Re: [PATCH 4/4] sched/fair: Use a recently used CPU as an idle candidate and the basis for SIS

From: Mel Gorman
Date: Tue Jan 30 2018 - 08:25:33 EST


On Tue, Jan 30, 2018 at 02:15:31PM +0100, Peter Zijlstra wrote:
> On Tue, Jan 30, 2018 at 12:57:18PM +0000, Mel Gorman wrote:
> > On Tue, Jan 30, 2018 at 12:50:54PM +0100, Peter Zijlstra wrote:
>
> > > Not saying this patch is bad; but Rafael / Srinivas we really should do
> > > better. Why isn't cpufreq (esp. sugov) fixing this? HWP or not, we can
> > > still give it hints, and it looks like we're not doing that.
> > >
> >
> > I'm not sure if HWP can fix it because of the per-cpu nature of its
> > decisions. I believe it can only give the most basic of hints to hardware
> > like an energy performance profile or bias (EPP and EPB respectively).
> > Of course HWP can be turned off but not many people can detect that it's
> > an appropriate decision, or even desirable, and there is always the caveat
> > that disabling it increases the system CPU footprint.
>
> IA32_HWP_REQUEST has "Minimum_Performance", "Maximum_Performance" and
> "Desired_Performance" fields which can be used to give explicit
> frequency hints. And we really _should_ be doing that.
>

They can be although these are usually set by the bios or setup early
in boot and then left alone. It's not clear how or if these should be
tuned on the fly or what variables would drive dynamic tuning. The data
collected would still be per-cpu so if all CPUs have low utilisation,
the decisions will still be poor except maybe for things like IO boosting.

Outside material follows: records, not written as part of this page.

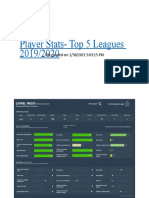 Player Stats - Top 5 Leagues 2019 - 2020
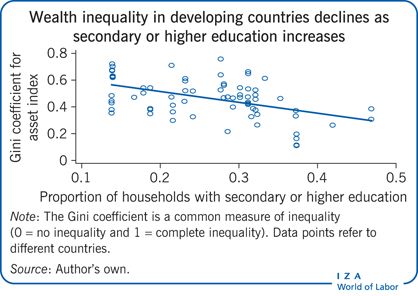 Wealth inequality in developing countries
                        declines as secondary or higher education increases
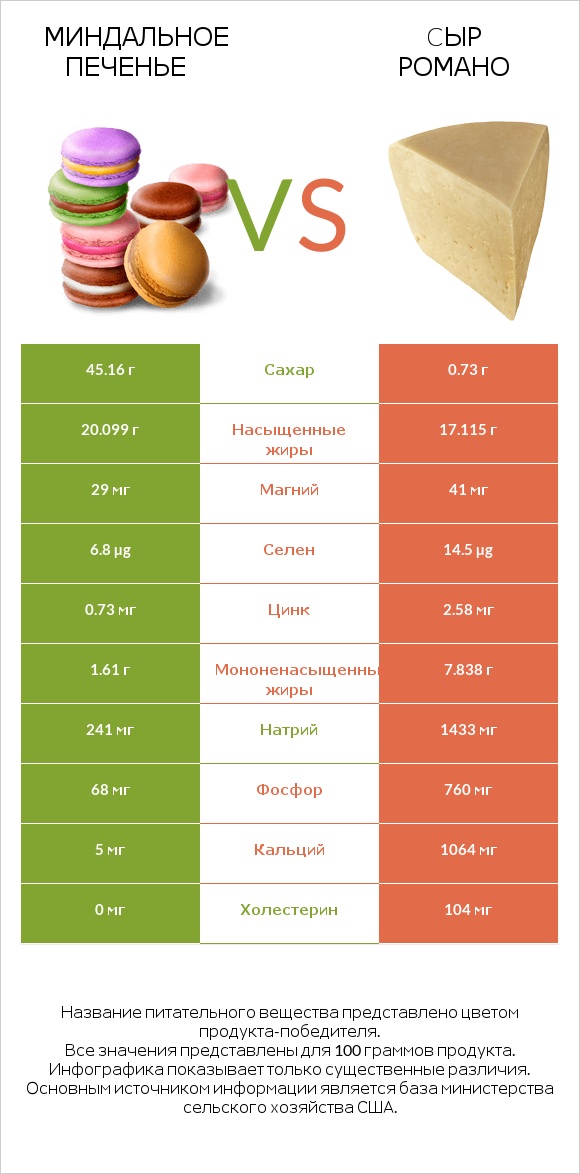 Миндальное печенье vs Cыр Романо infographic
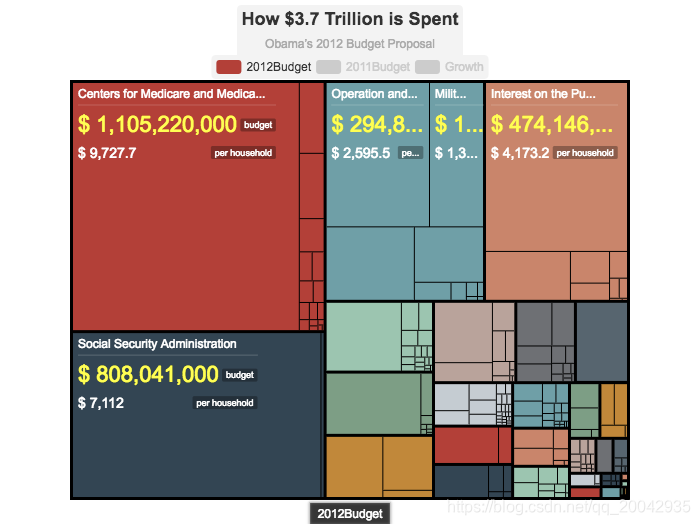 144Echarts - 矩形树图（How $3.7 Trillion is Spent）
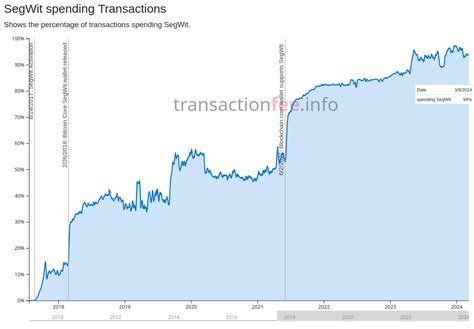 Bitcoin: How do pre-Segwit nodes interpret transactions containing Taproot OP_CHECKSIGADD?
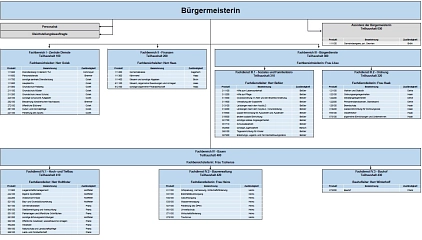 Organigramm Gemeinde Faßberg&nbsp;&copy;&nbsp;Gemeinde Faßberg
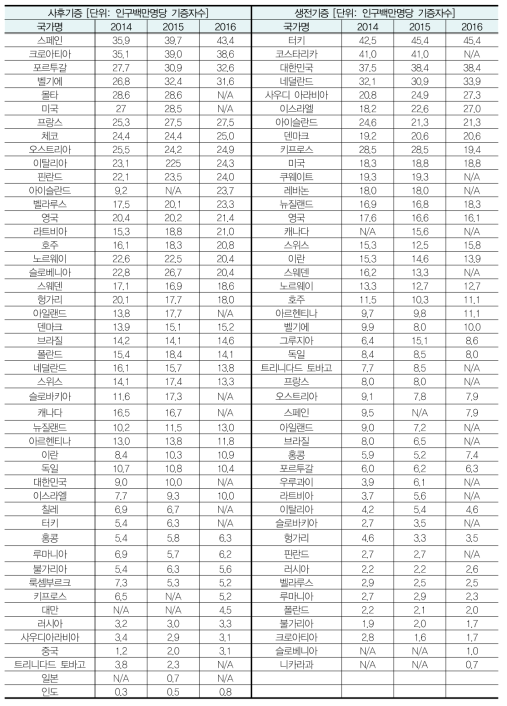 국가별 장기기증 통계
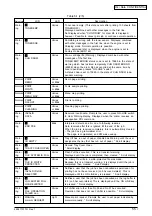 Preview for 55 page of Oki B4350 Series Service Manual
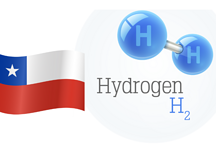 美国、智利两国家带头发展氢能源，到底是为环保，还是为利益？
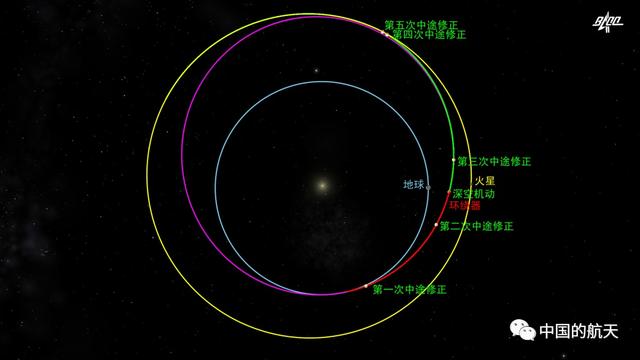 天問一號預(yù)計明年5月在火星著陸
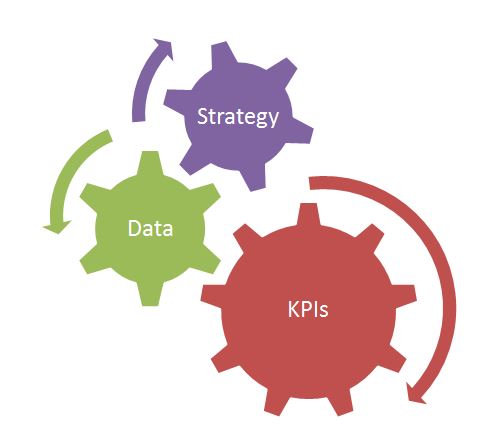Strategy creates data and data creates KPIs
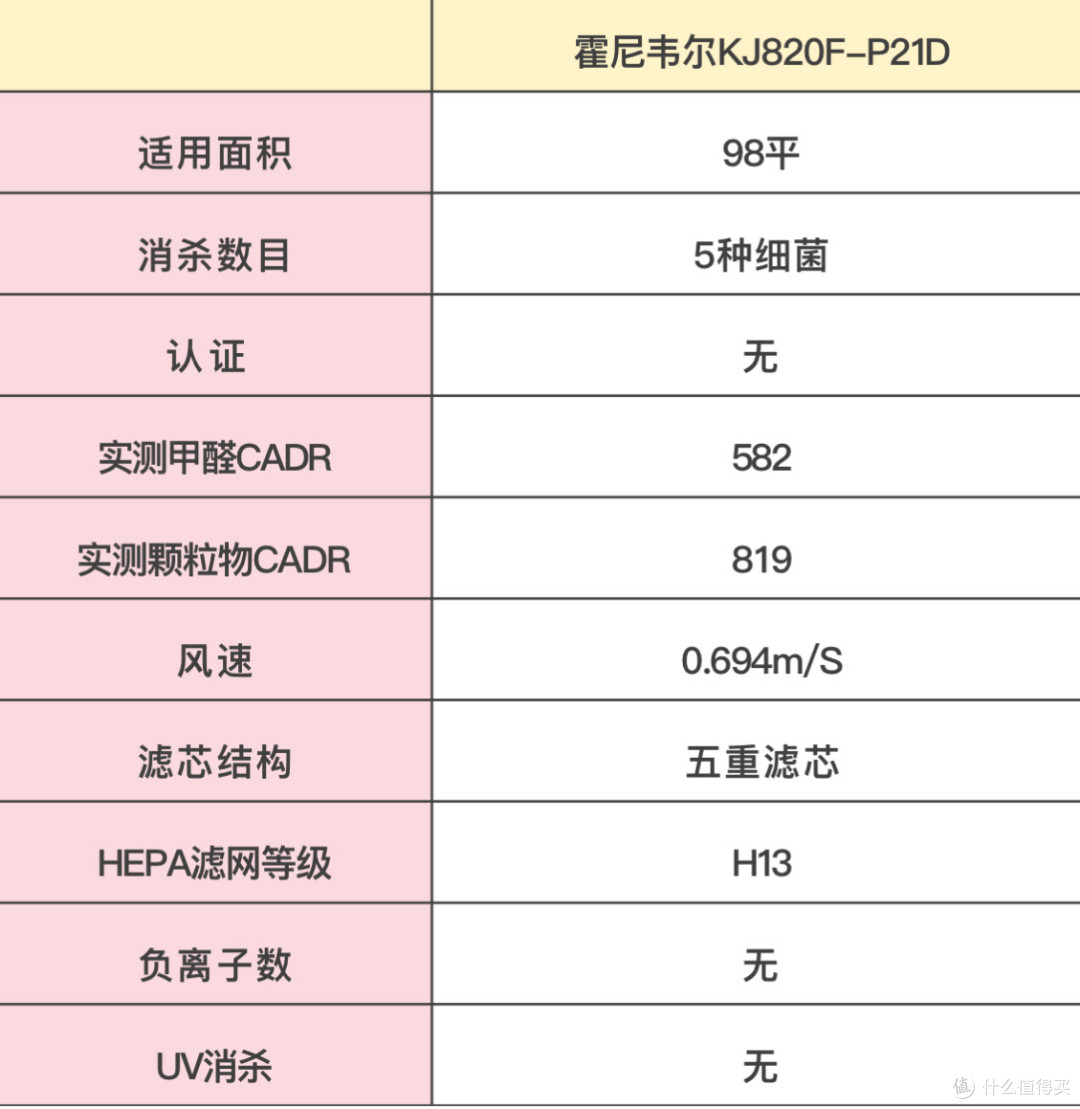 空气净化器推荐哪家好？排名前十的品牌优势全知晓！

> Because, esp. in this scenario; a task migrating; the hardware really
> can't do anything sensible, whereas the OS _knows_.
>

Potentially yes. One option without HWP would be to track utilisation
for a task or artifically boost it for a short period after migration so
a higher p-state is potentially selected. With HWP, a hint would have to
be given to the hardware to try select a higher frequency but I've no idea
how expensive that is or how it would behave on different implementations
of HWP. It may also be a game of whack-a-mole trying to get every cpufreq
configuration correct. One advantage of using fewer cores is that it should
work regardless of cpufreq driver.


--
Mel Gorman
SUSE Labs